Protein Solutions
Calorimetry, Research and Consulting


Protein Solutions provides a range of scientific services such as assistance in experimental research, theory-based interpretation of data, as well as "know how" and consulting in protein/peptide stability and thermodynamics.

Upcoming Events

July 18, 2012

World Drug Target/Deliver Online Symposium Series

Past Events

2011

Lecture presentation at GE Healthcare meeting on label-free technology in Copenhagen University, Denmark

Lecture presentation at TA Instruments workshop and seminar at Roskilde University, Denmark

About me

I am a freelance researcher, specializing in Protein Calorimetry. My background can generally be described as Molecular Biophysics, although I have a broader knowledge and additional experience in other fields, for example Plant Biology or Laser Technology.

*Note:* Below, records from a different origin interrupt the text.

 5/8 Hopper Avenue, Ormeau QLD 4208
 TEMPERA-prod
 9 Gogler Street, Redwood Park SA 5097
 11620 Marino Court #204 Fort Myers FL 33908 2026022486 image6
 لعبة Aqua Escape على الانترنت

The word "Molecular" in the definition of my background can be translated as "proteins and peptides", whereas "Biophysics" refers to the basic approach to investigation of macromolecules. In particular, this means that every biologically-relevant process occurring on the molecular level can be described based on the general physical laws and thus can be expressed by a set of equations. This also means that I approach research as science, not cooking (although I do enjoy cooking). How? Because cooking is a series of protocols (or instructions) spiced up from time to time by a random mixing of components, while the science is a process which outcome can be predicted a priori using the principal of Physics.

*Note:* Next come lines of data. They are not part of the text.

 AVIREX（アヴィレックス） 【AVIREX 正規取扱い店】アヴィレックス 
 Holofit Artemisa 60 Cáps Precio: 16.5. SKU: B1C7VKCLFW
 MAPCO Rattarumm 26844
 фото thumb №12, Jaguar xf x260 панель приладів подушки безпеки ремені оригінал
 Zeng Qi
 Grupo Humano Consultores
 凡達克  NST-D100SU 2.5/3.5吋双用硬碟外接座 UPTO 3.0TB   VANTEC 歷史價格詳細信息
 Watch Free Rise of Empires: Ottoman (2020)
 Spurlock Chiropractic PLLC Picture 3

I´ve been working in Protein Science since 1990, starting at Biocalorimetry Center of the Johns Hopkins University. JHU is not only one of the top universities in the world (see Academic Ranking of World Universities), but also one of the top placed to learn about proteins and thermodynamics. At JHU I had a chance of attending lectures of Chris Anfinsen, Eaton Lattman and George Rose while learning calorimetry from Ernesto Freire and Peter Privalov.

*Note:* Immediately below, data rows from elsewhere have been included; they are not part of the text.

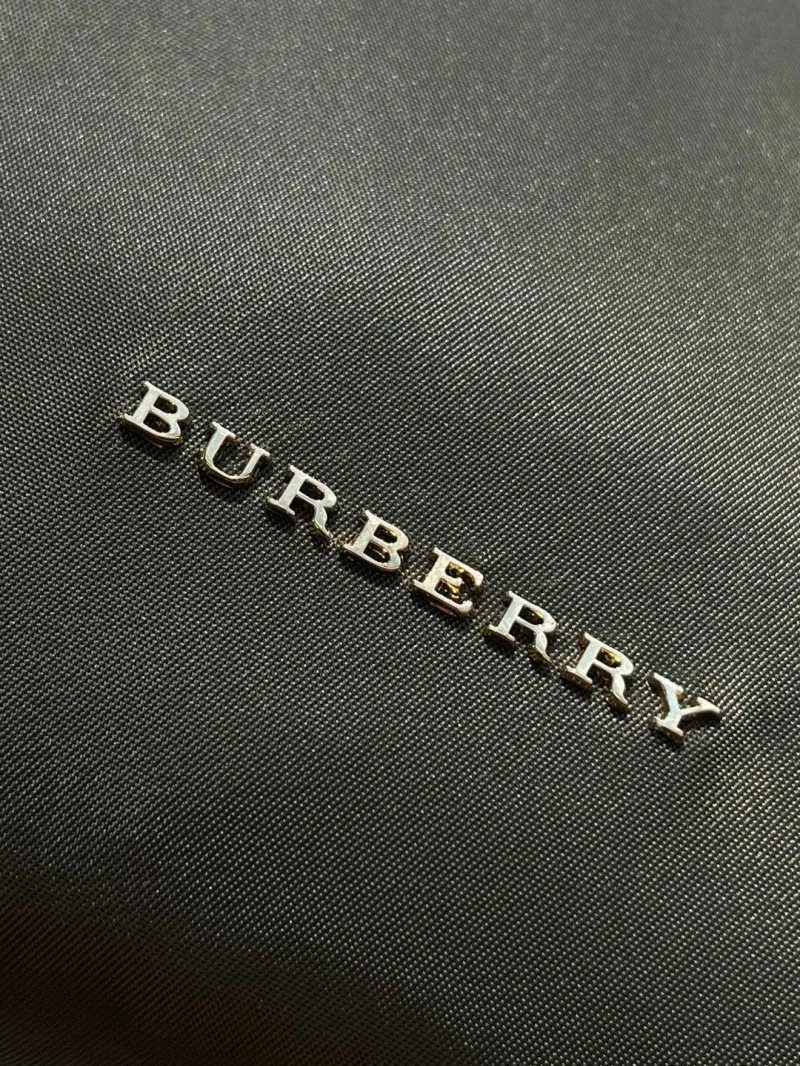 Burberry Backpacks-24 - Image 7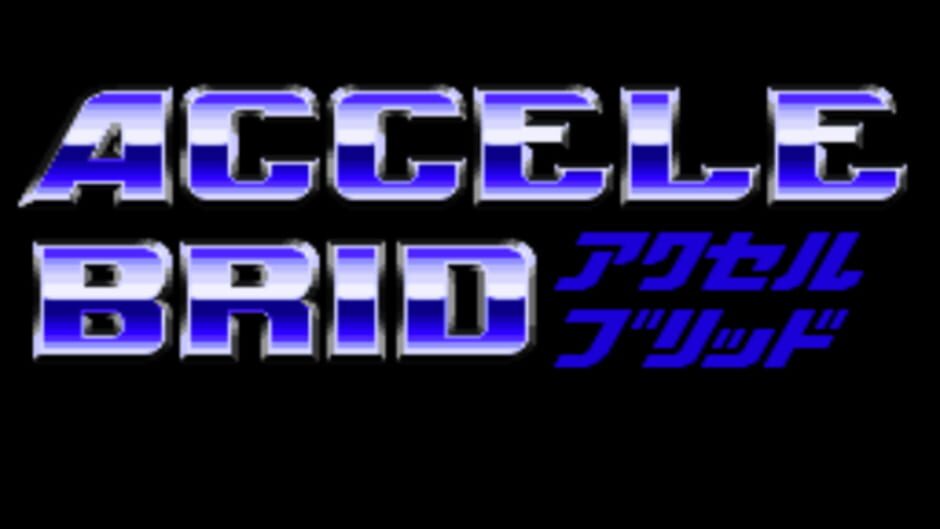 Screenshot for Accele Brid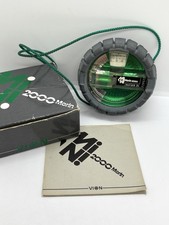 Vion Paris Mini Morin 2000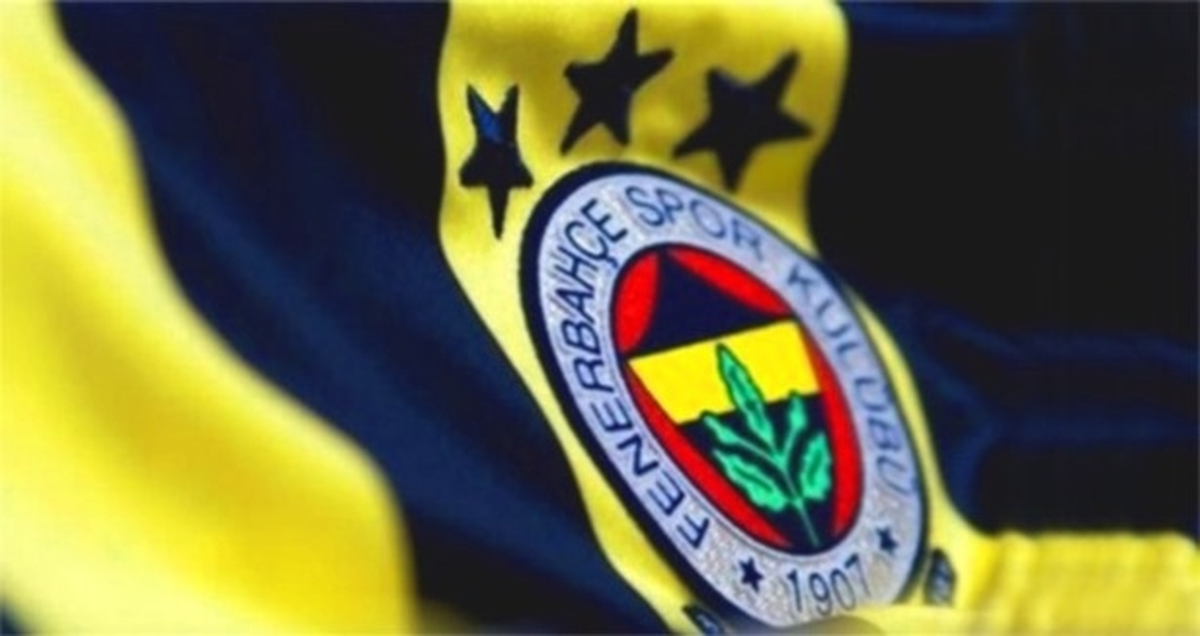 Cas\'ın Fenerbahçe Kararı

Currently both proteins and peptides draw an increased attention of scientists and industries alike. With the realization that proteins can be used as drug substances the demand for understanding of how proteins work becomes even greater. Therefore, to avoid random try-and-error approach, when development of new formulations is defined by a highly-anticipated, but realy predictable cooking success, we need to be able to understand a number of things about proteins:

  • How do proteins fold?
  • What makes proteins stable and how can we manipulate this stability?
  • How is stability related to other protein properties, such as backbone flexibility, biological function, degradation rate and so on?

A lot of it is known, but there’s still a lot to learn and that’s what I do.